• What to produce
Repeat the listing below exactly. Pictures do not belong in the copy.

• Given information
___

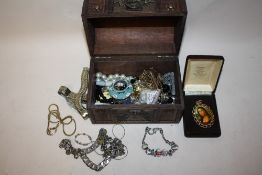 A LEATHER COATED JEWELLERY BOX CONTAINING COSTUME JEWELLERY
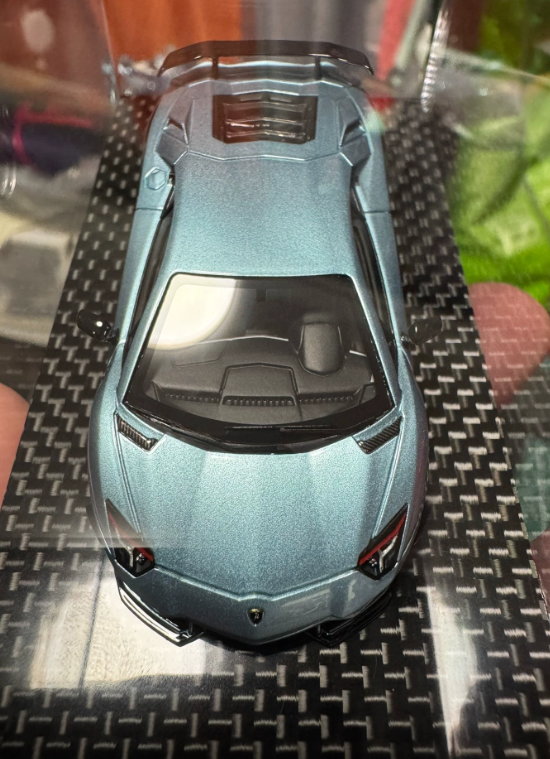 Rotating Wheel x Rowen Lamborghini Aventador S Ice Blue 1:64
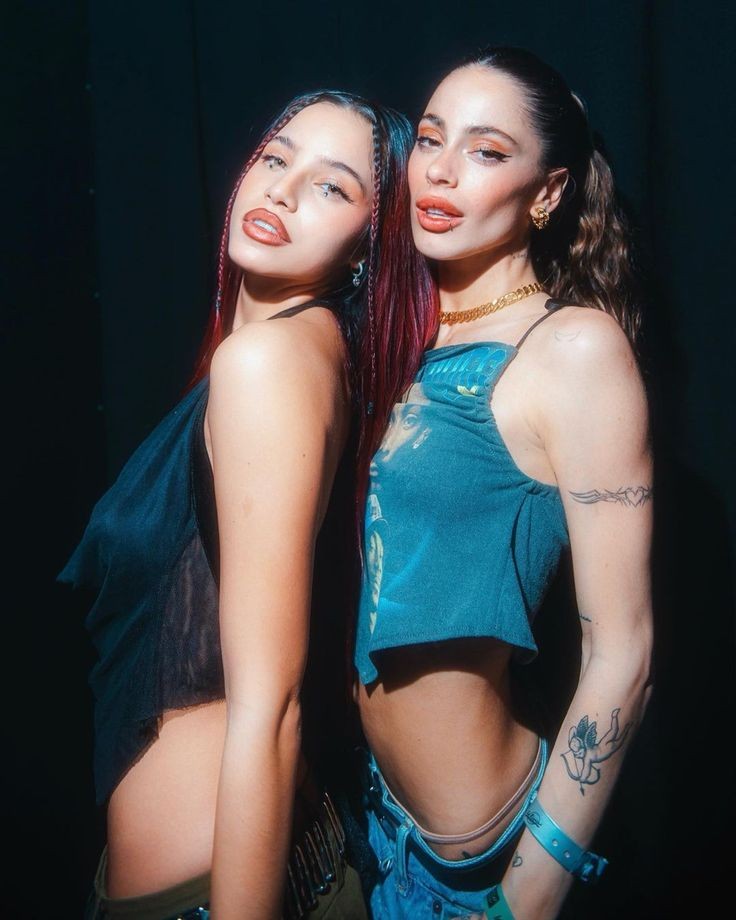 NECESITO una colaboración de ellas😍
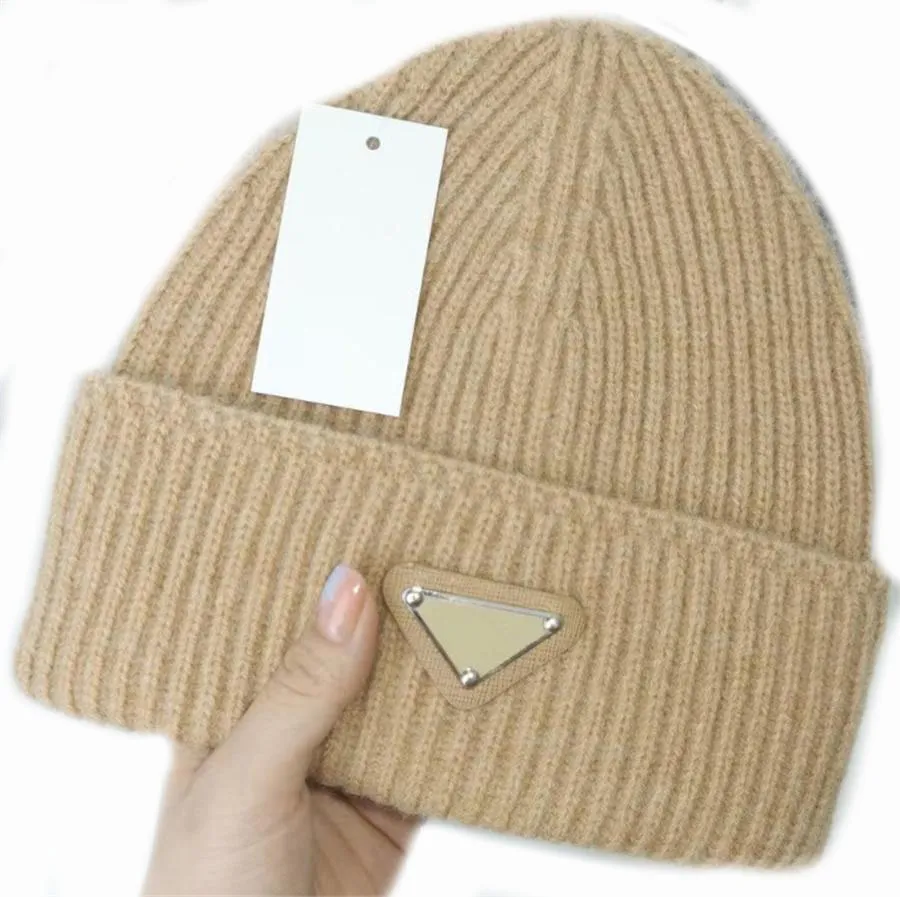 Designer beanie hat for women winter knit bonnet luxe keep warm head fashionable classical luxury hat autumn outdoor travel street ornament pj019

___

• Result for this exercise
 A LEATHER COATED JEWELLERY BOX CONTAINING COSTUME JEWELLERY
 Rotating Wheel x Rowen Lamborghini Aventador S Ice Blue 1:64
 NECESITO una colaboración de ellas😍
 Designer beanie hat for women winter knit bonnet luxe keep warm head fashionable classical luxury hat autumn outdoor travel street ornament pj019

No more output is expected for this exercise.